Nairobi News

General

Testicles may make men more vulnerable to Covid-19, new study shows


The coronavirus could linger in the testicles, making men prone to longer, more severe cases of the illness, a new study has shown.

According to the study, scientists tracked the recovery of 68 patients in Mumbai, India, to study the gender disparity of the virus, which have caused severe illness in men, according to a preliminary report posted on the MedRix website.

IMMUNE SYSTEM

Dr Aditi Shastri, an oncologist at Montefiore Medical Center in the Bronx, and Dr Jayanthi Shastri, a microbiologist at the Kasturba Hospital for Infectious Diseases in Mumbai, claims Covid-19 can attach itself to a specific protein that is produced in high levels in the testicles.

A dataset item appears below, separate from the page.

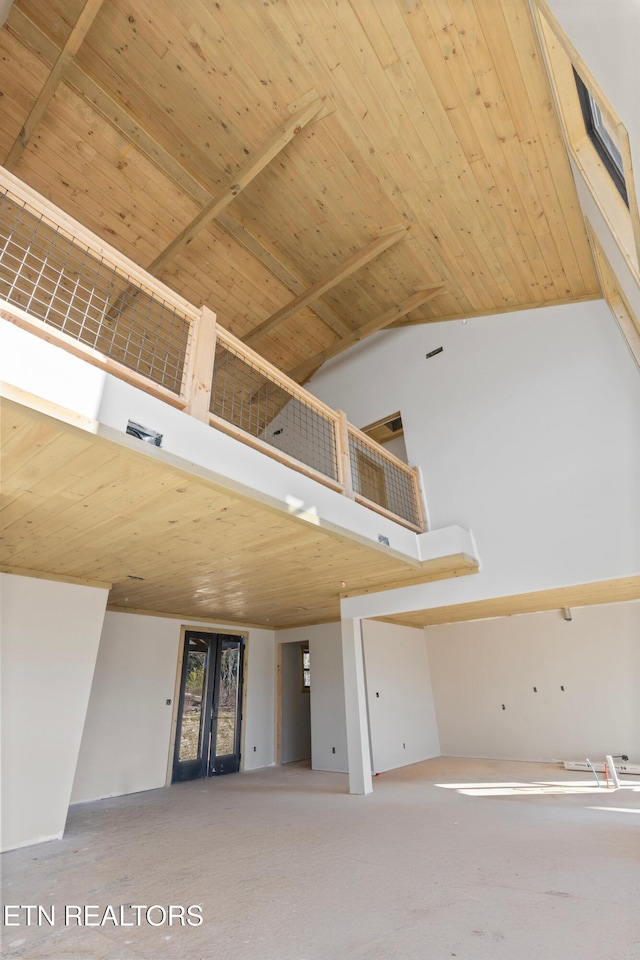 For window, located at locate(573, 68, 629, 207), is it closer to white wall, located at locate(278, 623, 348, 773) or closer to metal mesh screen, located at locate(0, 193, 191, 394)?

In addition to the large amounts in the testicles, the protein, angiotensin, is also found in the lungs, the gastrointestinal tract, and the heart.

According to the study, the testicles are blocked off from the body’s immune system, which allows the virus to remain in the testicles longer than the rest of the body. Both Dr Jyanthi and Dr Aditi have said the recent findings may explain why women recover more quickly than men.

The average amount of time for female patients to recover from the disease is four days, while men’s recovery time on average is two days longer, according to the report posted on MedRix.

“These observations demonstrate that male subjects have delayed viral clearance,” the preliminary report said, adding that the testicles may be serving as “reservoirs” for the virus.

The study offers some insight into reports from New York, South Korea, and Italy that men are dying at a higher rate due to the virus, according to the NY Post.

Other reports suggest that men are more acceptable to contracting the virus because they are more likely to smoke, have high blood pressure, or suffer coronary artery disease.

SEX DIFFERENCE

Another report published on News Scientists suggests that the first signs of a sex difference in Covid-19 severity emerged from hospital records in Wuhan shortly after the city locked down.

On 30 January, a team at Shanghai Jiaotong University School of Medicine published a report on 99 Covid-19 patients who were admitted to Jinyintan Wuhan hospital between 1 January and 20 January.

They found that among those admitted, men outnumbered women by more than two to one.

There has also been a sex difference among deaths. Mortality data from 21 hospitals in Wuhan between 21 and 30 January, for example, revealed that 75 per cent of those who died were men.

Since then, larger studies from other countries have backed up these earlier findings.

In England, Wales and Northern Ireland, for example, around 70 percent of critically ill patients admitted to intensive care have been male, and a higher proportion of men than women have died.

A study of more than 4000 Covid-19 patients in New York City hospitals found that 62 per cent were male.